I’m a bit of a rarity nowadays. Before you jump off the bridge with what you think I’m alluding to, I’ll save you the cold, the chill, and the embarrassment. As a 27 year old dude, I’m a blank slate. Yup, not a drop of ink on my olive skin; just a canvas unfettered with mistakes I coulda made when I was 18 and thinking that tribal tattoos and barbed wire was always gonna be the hot shit. I wake up in the mornings, shower, look in the mirror and thank God I didn’t hop in the chair and have pure shame permanently embedded in my skin.

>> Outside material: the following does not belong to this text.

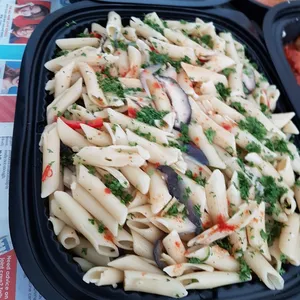 Aglio Miscellanea Penne with Bell Pepper and Gamberetto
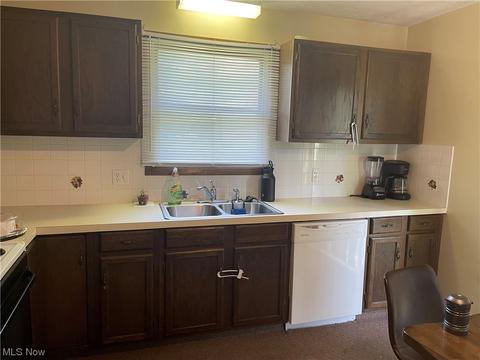 1908 Thackeray Ave NW, Massillon, OH 44646 photo 7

Personally, I like ink. I think it’s dope if it has meaning and it’s a little outta the norm. But the shit I’ve seen in the past few years? Nah, I’m chillin. Remember when you saw the kids in high school with tats and said to yourself, “Wow, that looks dope. I can’t wait til I can get mine done”? Yeah, if you followed thru with that thought and got tats on your neck/knuckles/hands, there’s an excellent chance that any job interview you went on after that point had the pre-requisites of “knows how to use a grill” or “can measure and accurately cut wood”. Don’t get me wrong – it was your choice to mark yourself up and if you’re happy, I’m honestly thrilled for you. However, I know there are a ton of people out there who use additional fabrics to cover up their shameful tramp stamps, barbed wire, portraits of people that look nothing like they should, etc.

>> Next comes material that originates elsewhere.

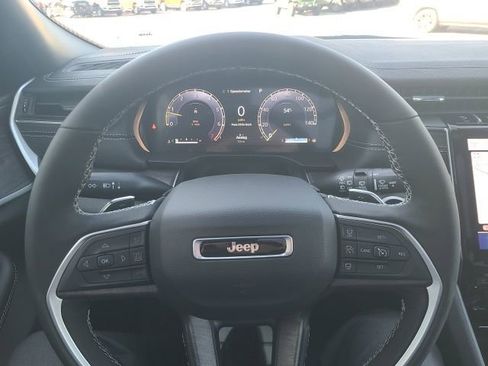 New 2025 Jeep Grand Cherokee Limited w/ Luxury Tech Group II image 13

Really tho, it’s still cool to go out and get inked up. But it’s now such a trend that you can fail to look authentic and end up looking like you’re just jumping on a bandwagon. I’ve seen younger heads go from clean slate to walking billboard of fuckery and desperation in a year’s time. There’s no, I repeat NO, reason to sink hundreds if not thousands of dollars into your ink and come out looking like you just did a hard five years in Cedar Junction. Do your research – find a design, find a REPUTABLE artist and have him draw that shit up, and be 100% sure you feel comfortable wearing that ink til you stop breathing. Everyone has regrets, that’s a given. But are you really willing to be reminded of that regret every time you look in a mirror, see a picture of yourself, or have your friends/family/children ask, “What were you thinking?”

That being said – if I was gonna get tatted, I’d probably go half-sleeve or chest (Cool story, I know). I’m not one to fall into the same thing that everyone’s on right now. Ink is a versatile beast – it has the ability to distinguish you from the crowd or make you blend in with the gang of hypebeasts that followed the tattoo wave. Also – and I can’t stress this enough for the readers that may have some type of criminal record or are known to authorities – your ink will make you identifiable to police. Not to hip you to the game, but IF you’re gonna do dirt, make sure you cover your “one of a kind” ink up, lest you be thrown to the wolves in blue.

Anyways tho, that was my little tangent, but if you’re gonna get some ink soon and really wanna do some different shit – get my face tatted on you. You’ll be early morning produce fresh. Real shit.